Last July, in Kyrgyzstan, a small former-Soviet republic in the mountains of Central Asia, a nine-year-old boy was beaten by Kyrgyz children in a summer camp, allegedly, for being the only ethnic Russian. The Russian government media readily picked up the story. The head of the Russian Orthodox Church, Patriarch Kirill, called the boy “a defender of faith,” and his family was promised help to move to Russia.
Then, in August, a Kyrgyz man in the capital Bishkek threw a calculator at a young woman behind the counter for addressing him in Russian. Pro-Kremlin media turned on the “Russians are oppressed” tune, which soon grew even louder. Local nationalists in Kazakhstan, Central Asia’s most powerful nation, started releasing videos of “language patrols” harassing Russian speakers in public areas.
There will always be some tensions between two neighbouring nations, but these hate crimes are hardly systemic issues. Neither country has any reasons to irritate Moscow. The Central Asian countries were quick to punish the nationalists. Money transfers from Russia account for a third of Kyrgyzstan’s GDP. Kazakhstan is an even more important ally, which has a similar authoritarian system and 7,500 kilometers of border with Russia. Still, Russian politicians, including parliament Speaker Vyacheslav Volodin were infuriated.
The Kremlin wants to be seen as the champion of all Russians across the former USSR. For decades, it has been opposing the tough citizenship policies of Latvia, Lithuania and Estonia. These are aimed at not recognising ethnic Russians, who moved there after the 1940 occupation, as full citizens unless they pass language and history tests.
But the most notable example is Ukraine. The country’s east and south have historically been Russian-speaking areas. Moscow has been channeling its propaganda to these regions and decades of soft-power operations culminated in the occupation of Crimea and war with the self-proclaimed Donetsk and Luhansk republics. Moscow has been hinting that it might treat other foreign territories as its own at any moment.

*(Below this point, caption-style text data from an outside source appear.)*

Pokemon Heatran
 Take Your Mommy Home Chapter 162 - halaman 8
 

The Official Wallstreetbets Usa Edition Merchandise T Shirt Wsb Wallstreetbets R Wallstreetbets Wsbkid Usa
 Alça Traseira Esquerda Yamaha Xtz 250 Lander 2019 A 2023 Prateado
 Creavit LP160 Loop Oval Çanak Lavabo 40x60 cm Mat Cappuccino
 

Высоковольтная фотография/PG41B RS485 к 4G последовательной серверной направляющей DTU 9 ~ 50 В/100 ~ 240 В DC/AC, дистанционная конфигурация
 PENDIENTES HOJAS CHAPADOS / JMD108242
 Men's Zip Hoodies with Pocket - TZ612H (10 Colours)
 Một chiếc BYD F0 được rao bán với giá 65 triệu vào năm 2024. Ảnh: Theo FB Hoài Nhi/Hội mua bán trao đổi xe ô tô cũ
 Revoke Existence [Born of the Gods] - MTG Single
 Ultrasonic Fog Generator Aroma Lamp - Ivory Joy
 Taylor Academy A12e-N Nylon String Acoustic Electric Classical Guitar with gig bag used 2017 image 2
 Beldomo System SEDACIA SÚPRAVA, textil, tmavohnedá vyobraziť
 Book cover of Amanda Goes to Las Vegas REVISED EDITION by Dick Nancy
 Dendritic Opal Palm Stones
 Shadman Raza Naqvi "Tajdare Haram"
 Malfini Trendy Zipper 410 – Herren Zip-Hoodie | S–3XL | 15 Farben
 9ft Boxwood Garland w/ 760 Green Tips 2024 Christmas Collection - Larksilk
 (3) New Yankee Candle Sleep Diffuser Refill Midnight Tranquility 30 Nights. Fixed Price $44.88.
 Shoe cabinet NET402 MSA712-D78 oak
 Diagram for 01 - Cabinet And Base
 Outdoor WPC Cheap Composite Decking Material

“If some republic joined the Soviet Union, but got a huge amount of […] traditionally, historically Russian territories, and then suddenly decided to leave the Union, it should’ve left with what it came in. Instead of dragging gifts from the Russian people away with it,” said President Vladimir Putin in 2020.
After the invasion of Crimea, Russia’s Central Asian neighbours realised that this is not a hollow threat. Northern Kazakhstan, for instance, has a large Russian-speaking population, and Russian nationalist forces have long been eyeing its annexation as part of Southern Siberia. Seeing this, Central Asian nations have been slowly but staunchly moving towards greater cultural independence from Russia, including in their languages. The Uzbek language has already changed from the Cyrillic alphabet to the Latin, and the Kazak language is set to do the same in 2023.
Under the USSR, there were 14 national Soviet republics dependent on the main one - Russia. After the fall of the Soviet Union, three Baltic nations immediately turned towards Europe; then the Kremlin lost Georgia; then Ukraine. There is no guarantee that Central Asian allies will not follow suit, if they perceive their powerful neighbour as a threat.
But the Kremlin’s challenge of imposing their language is also a domestic one : there are many national autonomies within Russia that have their own languages, such as Tatarstan, which has a population of four million Tatar speakers.
An important lesson from history is that nationalist rhetoric and the imposition of one language in a multi-ethnic state can backfire dramatically.